Uma Transação Complexa
A operação foi estruturada por meio de uma estratégia financeira complexa, que envolve a troca de dívidas por participação acionária. O fundo entregará à NSP Investimentos debêntures da 1ª e 2ª séries da 2ª emissão da Braskem, previamente adquiridas junto a bancos credores da Novonor. Assim, a relação de troca prevê que, para cada ação da Braskem transferida ao FIP, serão entregues duas debêntures da 1ª série e uma da 2ª série.
Com a chegada dos novos controladores, a recuperação do valor de mercado da petroquímica será a prioridade. O fundo Shine I informou que trouxe para sua equipe profissionais com ampla experiência em reestruturações de empresas, além de especialistas das áreas de logística e saneamento. A intenção é implementar mudanças estratégicas que permitirão à Braskem recuperar sua capacidade de geração de valor.

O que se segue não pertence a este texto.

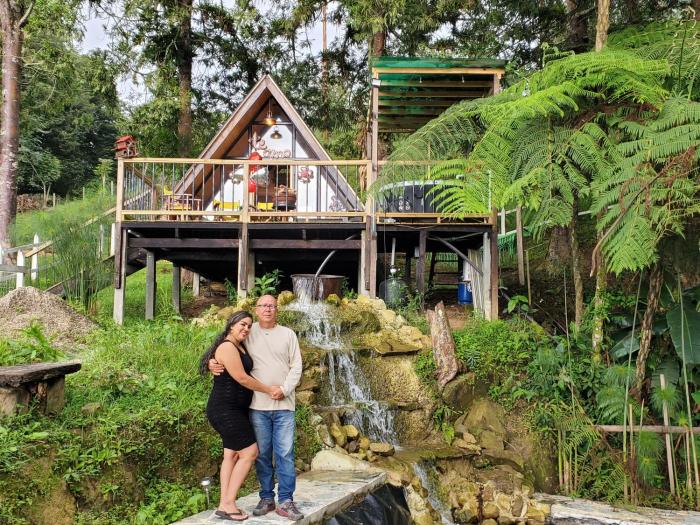 Finca Agrópolis de Silvania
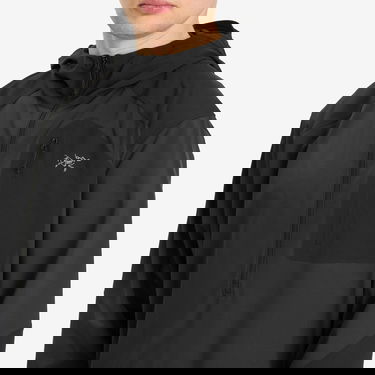 Sweatshirt Arcteryx Konseal SL Pullover Hoodie, Size Large Svart | X000009807-002291, 5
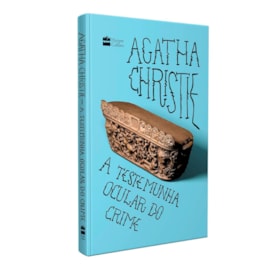 A Testemunha Ocular do Crime | Agatha Christie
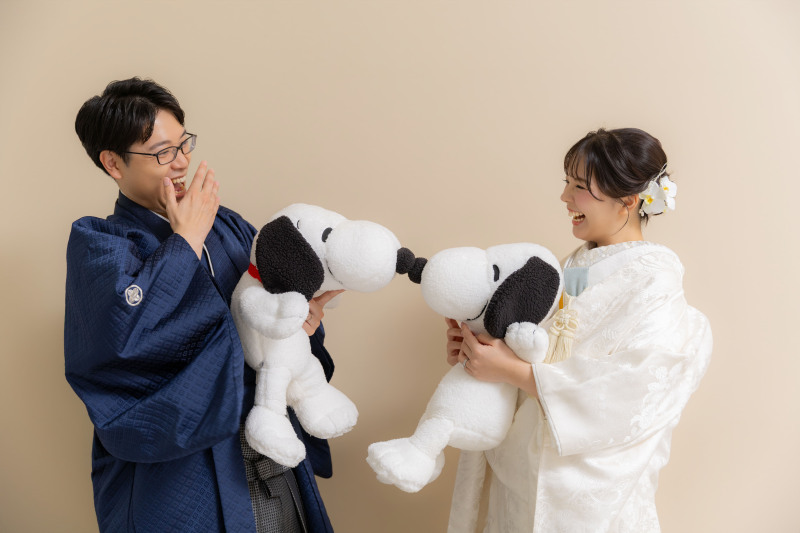 可愛らしいショットも♡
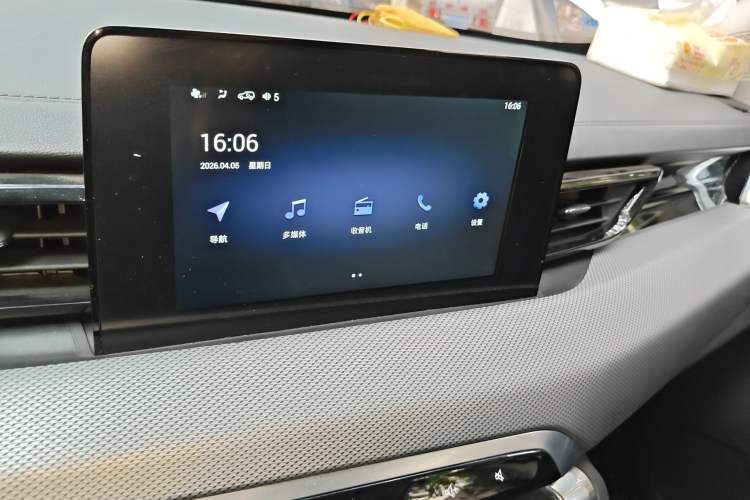 Used BAIC Beijing X3 2019 1.5T Manual Glory Edition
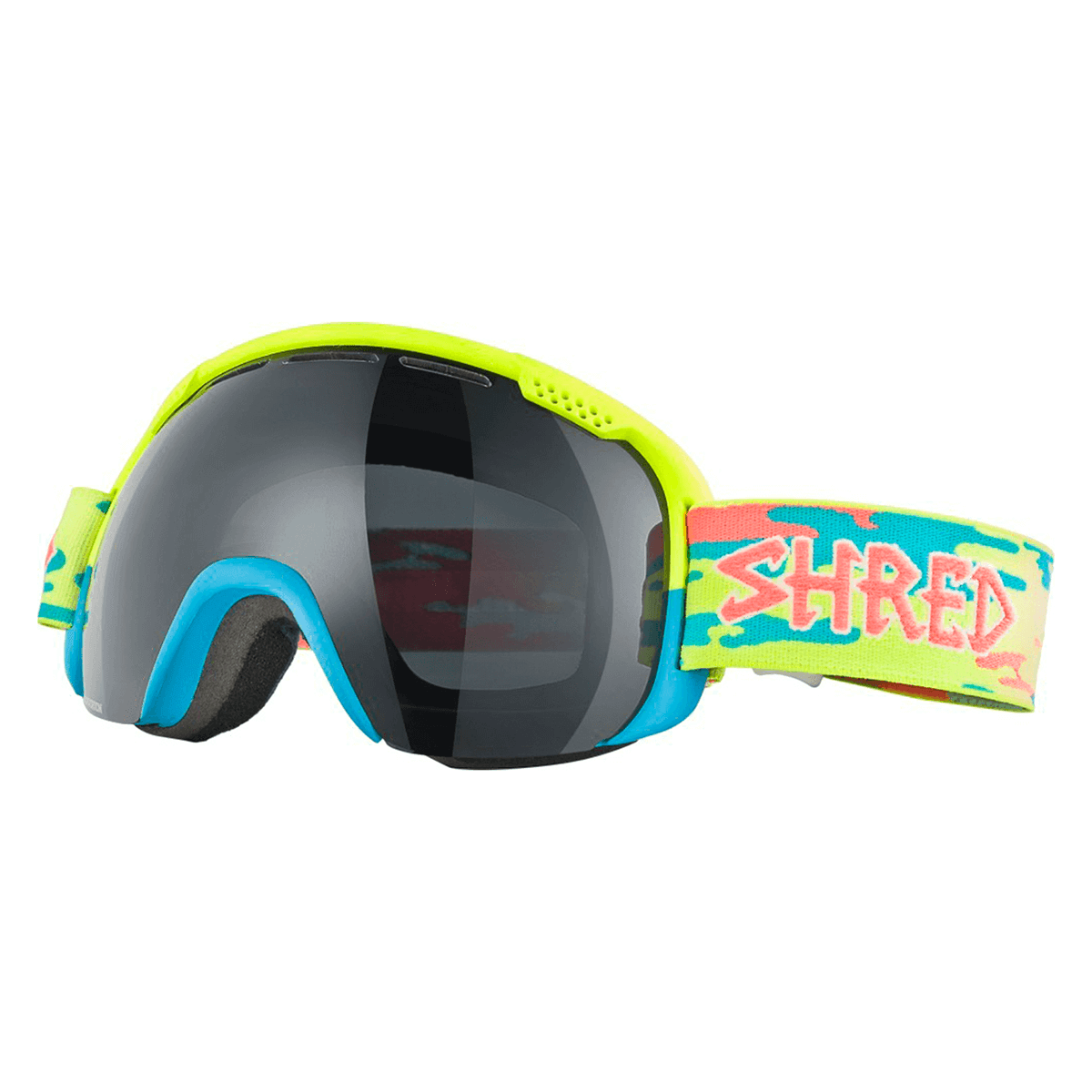 Shred SMARTEFY CRUNCHY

Objetivos do Novo Controlador
Segundo o comunicado, as intenções do novo controlador são bastante claras: “O Comprador pretende, em colaboração com a Petrobras, conduzir a reestruturação financeira e operacional da Companhia, visando que a Braskem volte a gerar valor para seus acionistas e para o Brasil.”
Ao contrário de algumas especulações do mercado nos últimos anos, a IG4 afirmou que não tem planos de cancelar o registro da Braskem como companhia aberta, o que significa que suas ações continuarão a ser negociadas na B3.
Desafios em Alagoas
Um dos aspectos que geram maior preocupação entre investidores e para o estado de Alagoas é como a nova gestão lidará com as responsabilidades decorrentes do desastre geológico em Maceió. O Fato Relevante aponta que os resultados financeiros e a liquidez da Braskem estão intimamente ligados aos desdobramentos jurídicos e administrativos do afundamento do solo em cinco bairros da capital alagoana.
O comunicado ressalta que as previsões da administração atual e as expectativas de desempenho futuro consideram “qualquer impacto potencial ou projetado do evento geológico em Alagoas e os procedimentos legais relacionados nos negócios, condição financeira e resultados operacionais da Companhia”. Essa ressalva sugere que, para o novo controlador, a situação em Alagoas não é apenas uma questão de imagem, mas um fator crítico que pode afetar significativamente os resultados reais, caso haja mudanças nos processos legais em andamento.
Governança e Acordos com a Petrobras
A finalização da venda também marca o início de um novo Acordo de Acionistas da Braskem, que será estabelecido entre o fundo comprador e a Petrobras. A estatal permanecerá como um jogador-chave no negócio, exercendo controle compartilhado de forma equilibrada. O novo modelo de governança exigirá consenso para todas as deliberações do Conselho de Administração e da Assembleia Geral, com ambas as partes indicando o mesmo número de membros para a diretoria estatutária.
Para os acionistas minoritários, a transação proporciona a segurança de uma Oferta Pública de Aquisição (OPA). A IG4 deverá protocolar junto à Comissão de Valores Mobiliários (CVM) o pedido de registro para adquirir até a totalidade das ações em circulação, garantindo aos atuais acionistas ordinários e preferenciais o direito de vender suas participações nas mesmas condições oferecidas à Novonor.
A consumação definitiva da operação ainda dependerá de condições suspensivas, incluindo autorizações judiciais, aprovação da Comissão Europeia e a não execução do direito de preferência pela Petrobras. Até o fechamento da transação, a Novonor reiterou que sua atuação seguirá pautada pelo interesse social da companhia. “A Transação ora comunicada não implicará qualquer prejuízo ou interferência na preservação do melhor interesse da Companhia”, destaca um trecho do Fato Relevante.